§ **Instructions to follow**: Exactly the lines from the one with "Welcome to the Ultimate Tree-Ring Web Pages!" through the end of the data below must be set down, and no pictures with them.

[Brief descriptive captions]
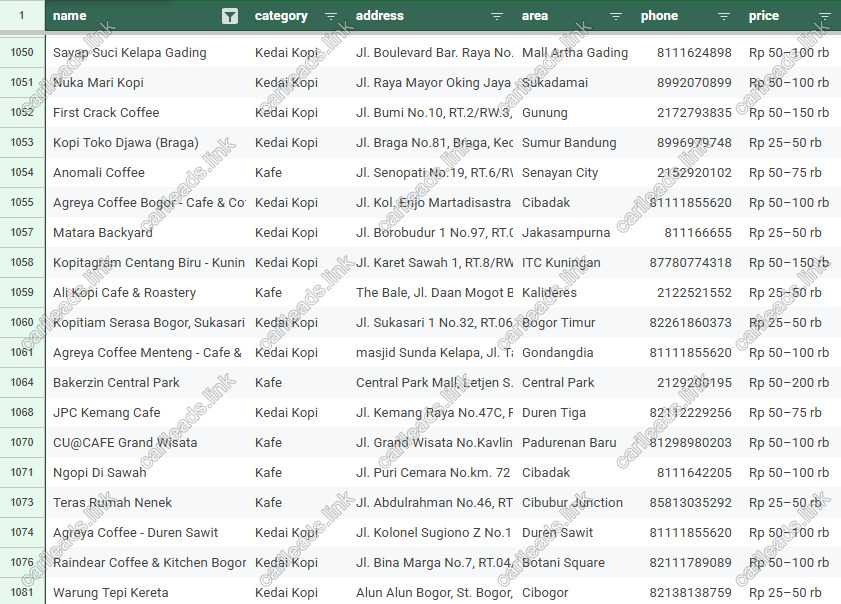 Cuplikan file Excel leads coffee shop Jabodetabek: kolom nama, kategori, alamat, area, telepon, dan harga
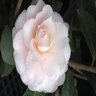 Camellia Japonica Goggy Camellia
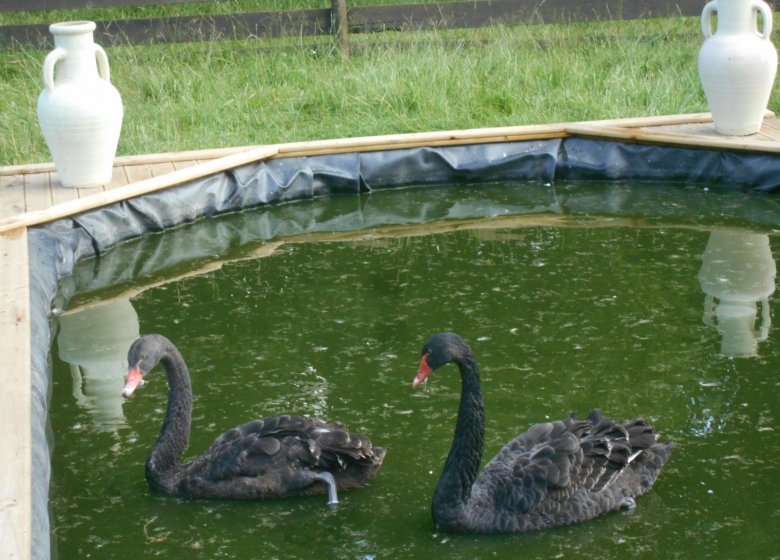 Ferme nature « Chez Poly »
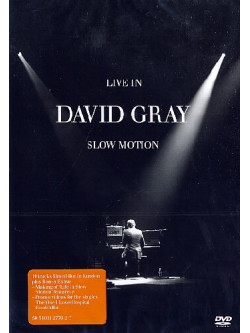 David Gray - Live In Slow Motion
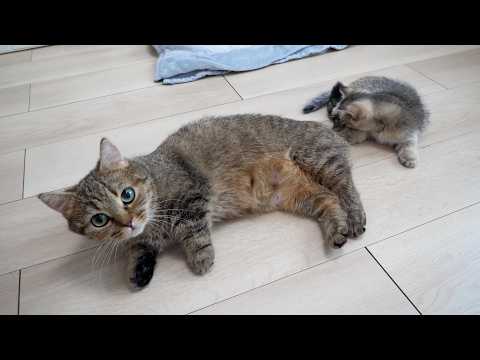Cute kitten that even plays with its mother cat's tail as a toy...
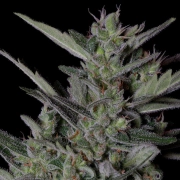 CRYSTAL GELATO AUTO cannabis plants in bloom, grown from Automatic seeds – ideal for home cultivation from Bighead Seeds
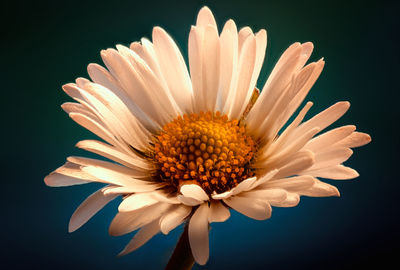 Close-up of white flower against black background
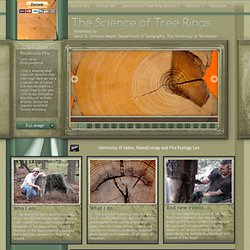 Welcome to the Ultimate Tree-Ring Web Pages!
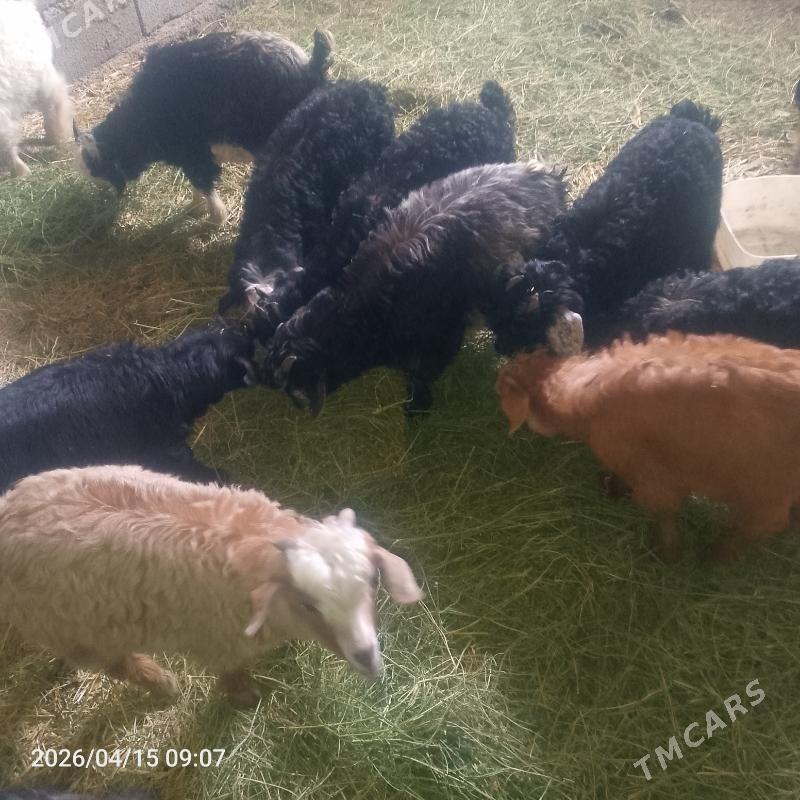 çebiş - Gyzylarbat - img 1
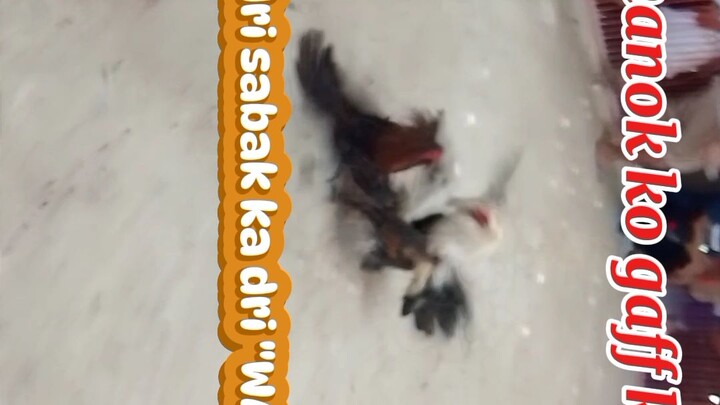 June 13, 2025 ulutan @ toboso cockpit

§ **Response area**:
 Welcome to the Ultimate Tree-Ring Web Pages!
 çebiş - Gyzylarbat - img 1
 June 13, 2025 ulutan @ toboso cockpit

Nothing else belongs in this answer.